Section 4.4Legal Proceedings. There is no Proceeding pending or, to the Purchaser’s knowledge, threatened, against the Purchaser that challenges, or that may have the effect of preventing, delaying, making illegal or otherwise interfering with, any of the transactions contemplated by this Agreement.
Section 4.5Investment Intent. The Purchaser is acquiring the Shares for its own account and not with a view to their distribution within the meaning of Section 2(11) of the Securities Act.
Section 4.6Brokers or Finders.
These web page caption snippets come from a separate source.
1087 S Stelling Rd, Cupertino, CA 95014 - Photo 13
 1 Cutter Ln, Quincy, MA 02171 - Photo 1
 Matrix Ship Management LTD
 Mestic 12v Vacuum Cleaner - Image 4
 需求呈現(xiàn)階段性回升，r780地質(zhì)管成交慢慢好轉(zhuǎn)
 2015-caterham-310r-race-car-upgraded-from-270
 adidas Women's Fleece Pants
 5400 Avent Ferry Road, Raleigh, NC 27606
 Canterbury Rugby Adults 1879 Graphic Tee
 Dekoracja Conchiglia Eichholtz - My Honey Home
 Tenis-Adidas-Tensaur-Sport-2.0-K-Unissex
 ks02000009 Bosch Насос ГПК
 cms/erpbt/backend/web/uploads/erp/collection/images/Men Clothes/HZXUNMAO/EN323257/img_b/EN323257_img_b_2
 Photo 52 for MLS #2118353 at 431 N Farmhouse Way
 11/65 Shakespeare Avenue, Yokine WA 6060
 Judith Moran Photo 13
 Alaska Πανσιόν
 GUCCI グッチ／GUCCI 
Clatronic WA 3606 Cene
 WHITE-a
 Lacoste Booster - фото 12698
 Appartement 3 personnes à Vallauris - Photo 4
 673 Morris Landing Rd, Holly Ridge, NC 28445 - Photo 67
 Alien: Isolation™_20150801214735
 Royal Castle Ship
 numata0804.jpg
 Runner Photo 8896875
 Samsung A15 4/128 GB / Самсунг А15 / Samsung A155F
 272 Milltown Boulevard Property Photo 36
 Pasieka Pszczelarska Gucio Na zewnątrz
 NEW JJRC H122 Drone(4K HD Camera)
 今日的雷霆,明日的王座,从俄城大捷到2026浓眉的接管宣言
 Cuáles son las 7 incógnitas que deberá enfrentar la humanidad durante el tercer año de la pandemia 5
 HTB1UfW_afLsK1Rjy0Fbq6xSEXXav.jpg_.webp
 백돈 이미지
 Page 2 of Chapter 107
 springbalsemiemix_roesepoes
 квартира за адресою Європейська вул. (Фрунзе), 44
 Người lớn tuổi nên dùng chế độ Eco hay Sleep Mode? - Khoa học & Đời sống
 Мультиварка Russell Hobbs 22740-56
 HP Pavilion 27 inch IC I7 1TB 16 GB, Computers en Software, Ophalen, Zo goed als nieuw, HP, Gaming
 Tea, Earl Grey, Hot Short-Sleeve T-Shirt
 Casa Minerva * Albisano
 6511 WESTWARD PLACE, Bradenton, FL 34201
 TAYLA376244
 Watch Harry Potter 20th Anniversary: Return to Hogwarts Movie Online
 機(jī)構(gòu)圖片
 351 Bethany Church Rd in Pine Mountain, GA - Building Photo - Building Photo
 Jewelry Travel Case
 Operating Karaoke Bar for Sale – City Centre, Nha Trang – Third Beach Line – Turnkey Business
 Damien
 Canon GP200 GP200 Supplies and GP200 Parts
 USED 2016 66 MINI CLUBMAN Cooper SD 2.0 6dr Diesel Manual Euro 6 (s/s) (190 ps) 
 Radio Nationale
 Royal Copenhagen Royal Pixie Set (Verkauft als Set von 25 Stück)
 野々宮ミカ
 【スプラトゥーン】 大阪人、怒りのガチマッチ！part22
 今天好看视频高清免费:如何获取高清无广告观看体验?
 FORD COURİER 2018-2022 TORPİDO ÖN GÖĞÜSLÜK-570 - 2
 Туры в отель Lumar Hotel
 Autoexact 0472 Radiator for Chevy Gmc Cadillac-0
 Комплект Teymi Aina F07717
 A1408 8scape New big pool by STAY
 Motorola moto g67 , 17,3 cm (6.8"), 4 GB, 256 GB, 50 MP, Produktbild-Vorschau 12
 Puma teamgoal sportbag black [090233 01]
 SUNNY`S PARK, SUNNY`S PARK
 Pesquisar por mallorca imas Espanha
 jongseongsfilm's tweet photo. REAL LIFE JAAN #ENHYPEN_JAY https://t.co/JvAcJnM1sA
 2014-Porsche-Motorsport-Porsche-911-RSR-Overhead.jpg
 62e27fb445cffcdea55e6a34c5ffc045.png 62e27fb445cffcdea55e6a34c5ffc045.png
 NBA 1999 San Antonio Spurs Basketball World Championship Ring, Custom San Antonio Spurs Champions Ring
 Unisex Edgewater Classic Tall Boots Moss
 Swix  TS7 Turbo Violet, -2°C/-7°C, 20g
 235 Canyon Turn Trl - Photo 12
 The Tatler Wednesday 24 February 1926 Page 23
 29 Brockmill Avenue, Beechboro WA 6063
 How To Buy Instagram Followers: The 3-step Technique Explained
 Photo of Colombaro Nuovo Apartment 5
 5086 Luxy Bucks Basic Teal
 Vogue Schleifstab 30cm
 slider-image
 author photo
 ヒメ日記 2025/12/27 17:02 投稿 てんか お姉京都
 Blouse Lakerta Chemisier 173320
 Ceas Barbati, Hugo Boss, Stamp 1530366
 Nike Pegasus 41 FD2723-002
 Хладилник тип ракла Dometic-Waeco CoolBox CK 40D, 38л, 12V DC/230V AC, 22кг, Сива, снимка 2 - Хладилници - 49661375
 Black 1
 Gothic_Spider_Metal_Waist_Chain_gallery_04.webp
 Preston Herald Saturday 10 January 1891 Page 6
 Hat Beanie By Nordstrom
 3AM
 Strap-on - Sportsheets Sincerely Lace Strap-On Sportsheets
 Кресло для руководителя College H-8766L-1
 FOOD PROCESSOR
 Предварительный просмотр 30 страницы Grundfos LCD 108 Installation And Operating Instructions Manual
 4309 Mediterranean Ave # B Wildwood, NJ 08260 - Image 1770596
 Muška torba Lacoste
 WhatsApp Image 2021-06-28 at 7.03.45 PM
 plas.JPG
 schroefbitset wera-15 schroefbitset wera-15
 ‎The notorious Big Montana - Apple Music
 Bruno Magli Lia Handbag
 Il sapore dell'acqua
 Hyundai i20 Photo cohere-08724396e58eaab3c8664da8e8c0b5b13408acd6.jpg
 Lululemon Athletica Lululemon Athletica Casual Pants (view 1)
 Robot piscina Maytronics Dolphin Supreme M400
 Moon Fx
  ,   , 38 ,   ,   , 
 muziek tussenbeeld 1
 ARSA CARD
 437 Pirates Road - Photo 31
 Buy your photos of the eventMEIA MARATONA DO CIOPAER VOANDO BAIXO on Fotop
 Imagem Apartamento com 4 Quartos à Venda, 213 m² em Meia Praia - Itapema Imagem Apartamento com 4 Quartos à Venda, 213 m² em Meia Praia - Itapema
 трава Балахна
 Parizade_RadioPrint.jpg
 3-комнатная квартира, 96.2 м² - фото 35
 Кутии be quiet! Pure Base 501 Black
Neither the Purchaser nor any Person acting on its behalf has incurred any Liability to pay any fees or commissions to any broker, finder or agent or any other similar payment in connection with any of the transactions contemplated by this Agreement.
Section 4.7The Purchaser is not currently subject to any U.S. sanctions administered by OFAC.
Section 4.8Purchaser has the financial wherewithal to enter into this Transaction and to fund the Transaction, as set forth herein.
Section 4.9Purchaser shall retain any and all employees of Sellers, and should Purchaser decide to terminate any of Sellers’s employees, Purchaser shall confer with Seller Representative; provided, however, if the employment with Purchaser of any employee(s) of Seller is terminated the termination shall not negatively affect Sellers regarding the Earnout Payments and Additional Earnout Payments
Section 4.10Purchaser shall continue the business operations of Sellers, as Sellers have previously operated its business in order not to not disrupt the business relationships of Sellers and its employees so long as it does not interfere with CTG’s businesses.
24
Section 5.1Access and Investigation. Until the Closing, upon reasonable advance notice from the Purchaser and subject to any non-disclosure agreement by and between the Parties, the Company and the Seller Representative will, and will cause each Acquired Company to, allow the Purchaser and its directors, officers, employees, agents, prospective financing sources, consultants and other advisors and representatives full access during normal business hours to, and furnish them with all documents, records, work papers and information with respect to, all of the properties, assets, personnel, books, Contracts, Governmental Authorizations, reports and records relating to any Acquired Company as the Purchaser may reasonably request.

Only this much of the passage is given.